Majority Element

Given an array nums of size n, return the majority element.

The majority element is the element that appears more than ⌊n / 2⌋ times. You may assume that the majority element always exists in the array.

O(N^2) Brute force

For every number in array we count its occurrences.
If count is greater than n/2, then we return the number.

O(N)Time with extra space

we Can take a vector or unordered_map to store the frequency of each element.
We traverse the hash map/ vector to find the n/2 frequency.
if we found we return the element.
SC: O(N)
TC:O(N)/O(NlogN) - Yes if we use unordered_map it’s worst case time complexity is O(NlogN), which occurs when all elements are divisible by prime number and result in collision.

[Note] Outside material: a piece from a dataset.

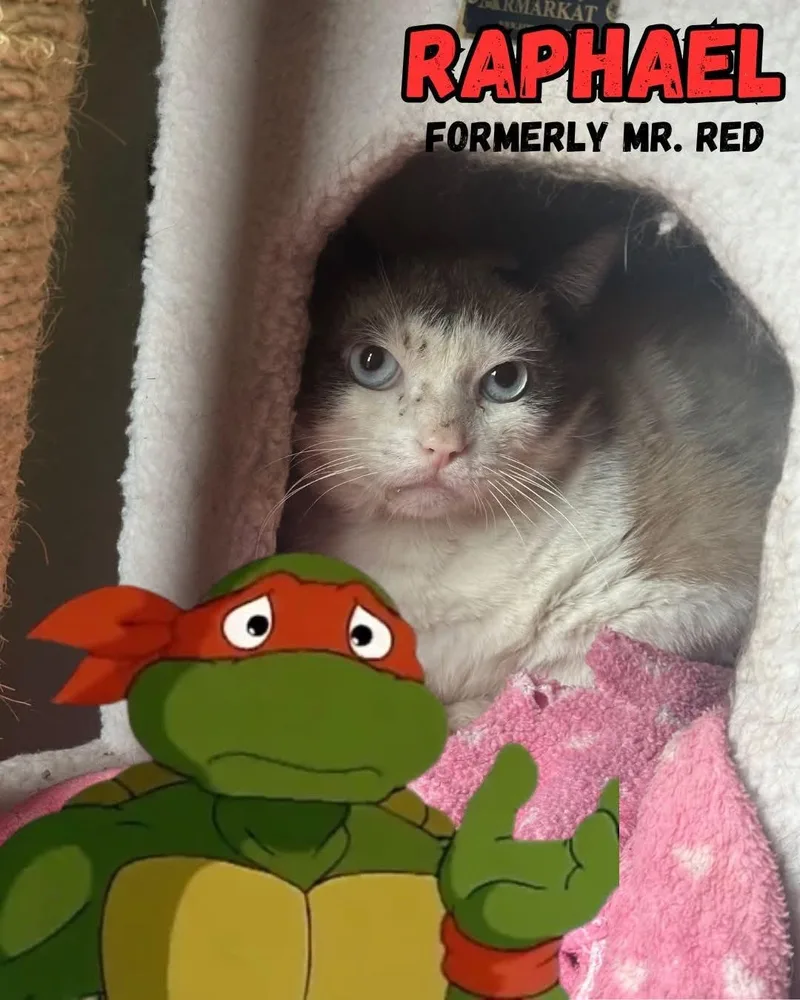Raphael thumbnail 2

But if we use frequency vector it’s worst case time complexity is O(N).

Code

class Solution {
public:
    int majorityElement(vector<int>& nums) {
        unordered_map<int,int> mp;
        for(int x: nums) mp[x]++;
        int n = nums.size()/2;
        int ans = 0;
        for(auto x:mp){
            if(x.second>n){
                ans = x.first;
                return ans;
            }
        }
        return ans;
    }
};

Moore’s Voting Algorithm

TC:O(N)
SC:O(1)
We maintain 2 variables count and candidate.
We traverse the array and for every element we do following:
- If count is 0, then we set candidate as current element.
- If current element is same as candidate, then we increment count by 1.
- else we decrement count by 1.
run loop to check the frequency of candidate i strictly greater than N/2 or not.
if no return -1, else return candidate.

class Solution {
public:
    // moore's voting algorithm
    int majorityElement(vector<int>& nums)
    {
        int count = 0;
        int candidate = 0;
        for (int x : nums) {
            if (count == 0) {
                candidate = x;
            }
            // count += (x == candidate) ? 1 : -1;
            if (x == candidate) count++;
            else count--;
        }
        return candidate;
    }
};